Monday, January 16th, 2006

The other day we went to downtown San Jose and it was so boring there. Poor old San Jose. No matter what improvements the city tries, you can look down two, three, four blocks of sidewalk ahead and see nobody on it whatsoever.

I decided fuhgeddaboutit being a loyal San Jose booster and featuring it in my Postsingular novel. I was gonna set it in SJ, but, come on, I’m changing it to be in San Francisco where there’s some action.

[Sculpture in SJ Museum by someone living in Los Gatos.]

I read an article in the New Yorker about some kid in, like, Nebraska.

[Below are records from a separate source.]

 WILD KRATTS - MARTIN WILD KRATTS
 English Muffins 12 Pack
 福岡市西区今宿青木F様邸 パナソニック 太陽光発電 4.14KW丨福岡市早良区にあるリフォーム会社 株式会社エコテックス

His parents fell into the orbit of a “gifted children” counsellor (whom the article seems to depict as something of a con-woman) who told them their son had an IQ of 182 — although apparently the numbers don’t mean much when you get past 170.

And the parents flipped out over that number, and didn’t let him go to school with other kids, feeling it would be too “slow” for him, as if school were about learning facts instead of being about socialization and getting the hell out from under your parents’ eyes. And the poor kid got depressed and killed himself. Not that the suicide is necessarily the parents fault; it might well have happened no matter what they did. Brain chemistry gone awry. A sad story.

The relevance for my novel is that the article quotes some people nattering on about how very strange and different it is to have an unusually high IQ.

[Sculpture of “Dalilah” [sic] in the new SF De Young museum.]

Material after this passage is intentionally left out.